Abstract

Two series of tetrahedral phthalocyanine-based systems presenting a central carbon or silicon atom have been synthesized and fully characterized. Ethynyl spacers connect the peripheral Pc units to the central core. Some of the structures contain four identical Pc moieties, whereas other ones bear either an electron-withdrawing or an electron releasing group in the fourth subunit. The synthetic strategy consisted in metal mediated coupling reactions between tri-tert-butylethynylphthalocyanine and the corresponding methane or silane derivatives. A second-order nonlinear optical (NLO) study, through hyper-Rayleigh scattering measurements, reveals that, by combining centrosymmetrical moieties that are not second-order NLO active by themselves, in an octupolar fashion, a large second-order NLO response is achieved, in contrast to classical octupolar combinations of donor-acceptor NLO active dipolar moieties.

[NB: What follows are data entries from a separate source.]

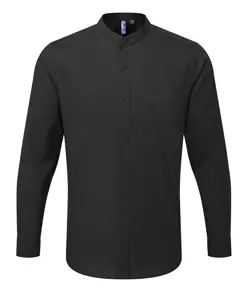 Camicia a maniche lunghe alla coreana con colletto a fascia Premier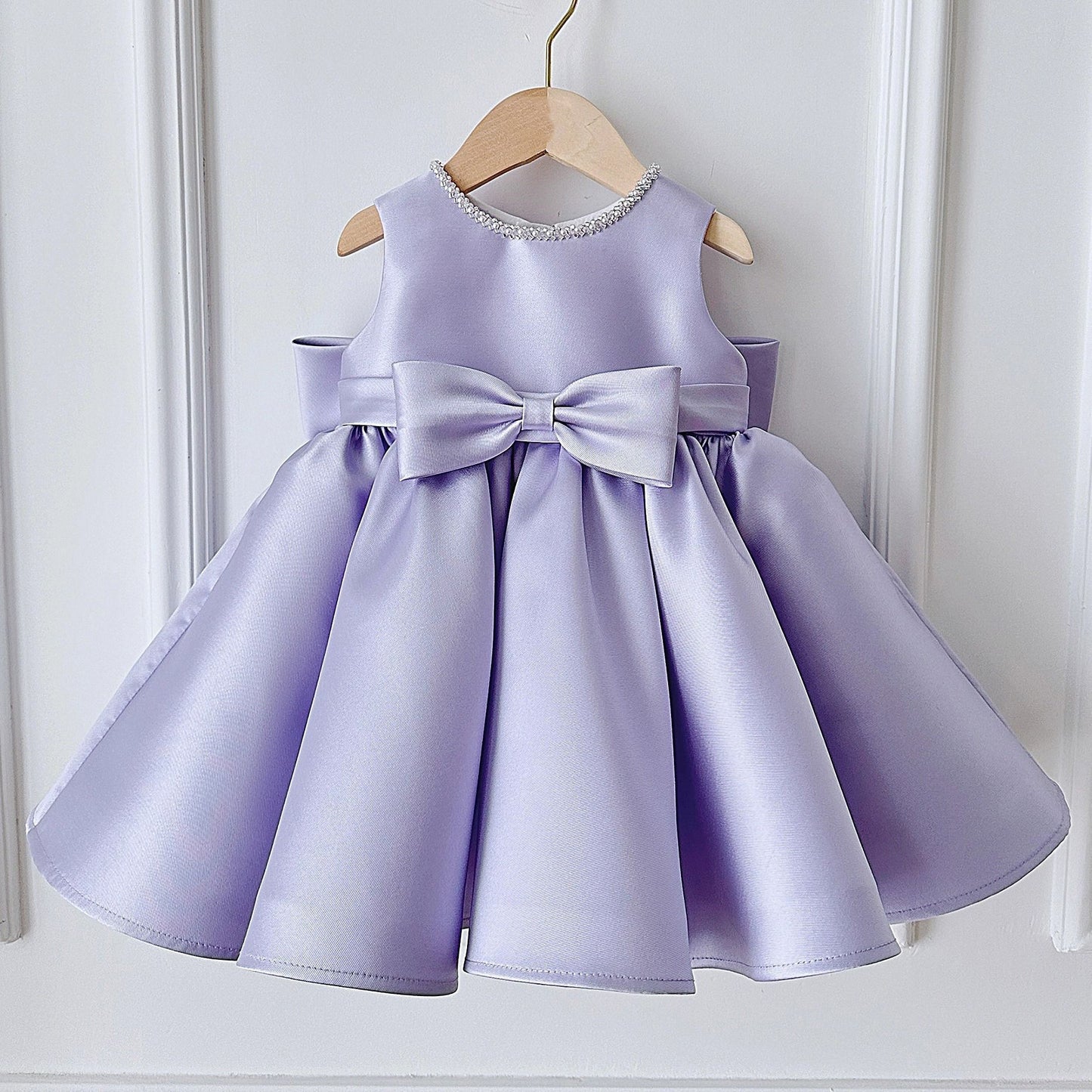 Girl's Satin Purple Dress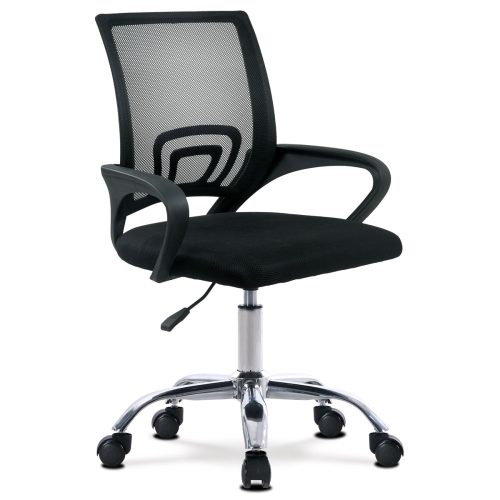 Scaun pivotant de birou negru cu ochiuri de plasă. KA-L103. Capacitate de încărcare: 110 kg.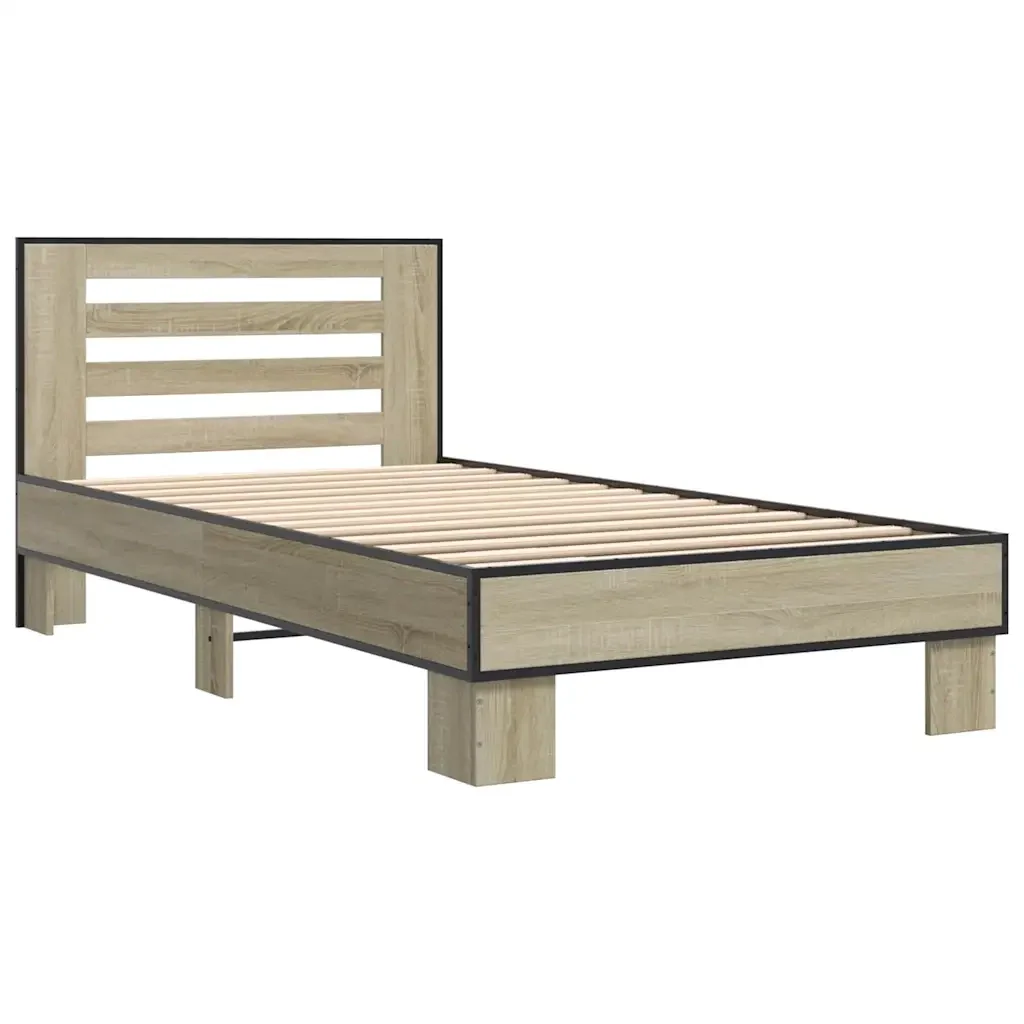 Letto singolo | Letto per adulti | Giroletto Rovere Sonoma 75x190cm in Legno Multistrato e Metallo - Image 3
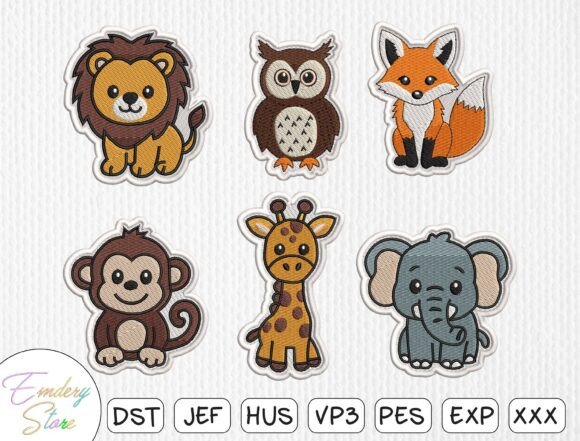 Cute Safari Animals Embroidery Bundle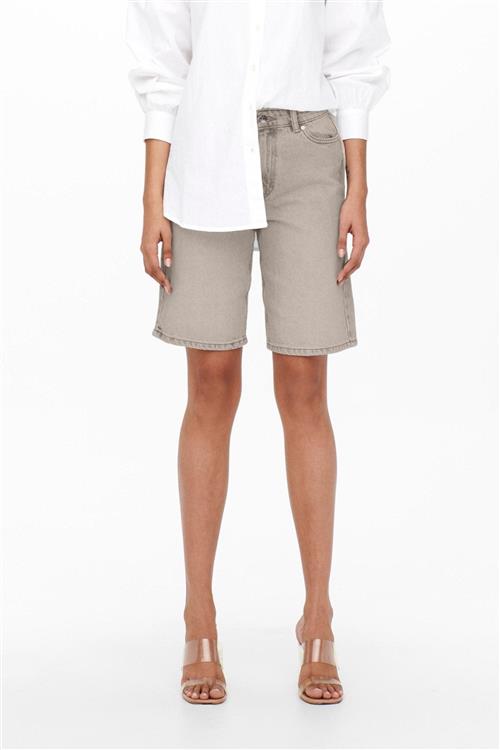 Sonny High Waist Wide Denim Shorts - Ecru - Herre - M - ONLY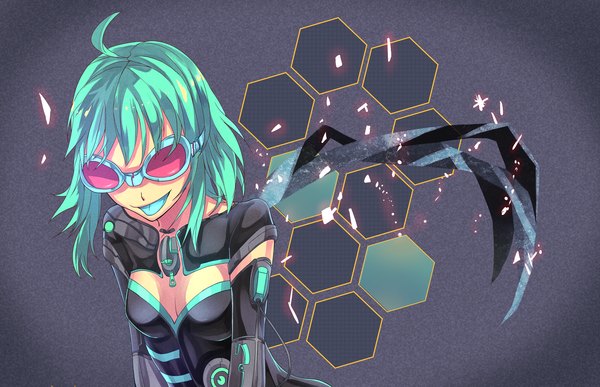 Anime picture 2900x1875 with vocaloid gumi tomaeda (bravered) single highres short hair simple background ahoge aqua hair girl tongue bodysuit goggles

In particular, the C-centered tetramer exhibits a large beta(HRS) value, which is among the highest reported so far for octupolar Pc-based molecules. Interestingly, carbon-centered molecules show a better NLO response with respect to the silicon-centered ones, probably due to a different effective symmetry, largely T(d) for the C-centered compounds and D(2d) for the Si-centered systems. While other design strategies for second-order NLO effects have always fundamentally kept on relying on the old dipolar paradigm (even though the resulting molecular structure was octupolar--the most striking exponent of this is the octupolar 1,3,5-triamino-2,4,6-trinitrobenzene molecule, a simple octupolar expansion of the dipolar p-nitroaniline), we here present for the first time that the octupolar symmetry by itself, realized by four nondipolar moieties in a tetrahedral arrangement, results also in a large second-order nonlinear response.